Contribuição da ciência cidadã
Pela escassez de dados na literatura e por não haver amostras de indivíduos da espécie com a mesma anomalia em museus, os pesquisadores explicam que ainda não é possível identificar o que levou a essa “aberração na coloração no olho”, podendo ser um traço genético incorreto ou até ser decorrente da alimentação da ave.
De acordo com Corbett, ainda há muito o que a ciência estudar sobre os genes e pigmentos que controlam a cor dos olhos nas aves, mas descobertas como essas são um passo na direção certa.
“O fato de que um pica-pau, que normalmente tem olhos escuros, pode desenvolver olhos brancos sem afetar a cor das penas sugere que pode haver um único gene essencial para adicionar pigmento vermelho-amarronzado ao olho, e que esse gene está de alguma forma defeituoso nesses indivíduos incomuns”.

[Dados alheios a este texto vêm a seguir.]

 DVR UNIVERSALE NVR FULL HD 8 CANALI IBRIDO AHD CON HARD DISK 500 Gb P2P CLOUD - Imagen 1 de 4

Por enquanto, os pesquisadores têm apenas fotos e observações, mas eles esperam que algum dia possam obter dados genéticos de aves como essas, com coloração anormal dos olhos, e usar isso para entender o que é diferente nos genomas dessas aves.
Pica-pau-de-barriga-vermelha se reproduz principalmente no leste dos Estados Unidos, indo ao sul até a Flórida e ao norte até o Canadá
woodswoman/iNaturalist
Essa descoberta não só enriquece o banco de dados sobre pica-paus, mas também destaca como o trabalho de observadores amadores pode contribuir para a ciência.
“Seria muito interessante acompanhar esses indivíduos com íris brancas em campo, mas, atualmente, não temos planos para isso. Os observadores de aves podem nos ajudar nessa questão, verificando se o comportamento ou a expectativa de vida deles são afetados pelos olhos incomuns”, ressalta Corbett.
Portanto, se você é um amante das aves ou simplesmente curioso sobre o que a natureza tem a oferecer, lembre-se de que até mesmo as observações mais inesperadas podem revelar novos e fascinantes aspectos da vida selvagem. E, quem sabe, a próxima grande descoberta pode vir da sua própria janela.
O feito considerado raro pela ciência foi publicado na revista Southeastern Naturalist.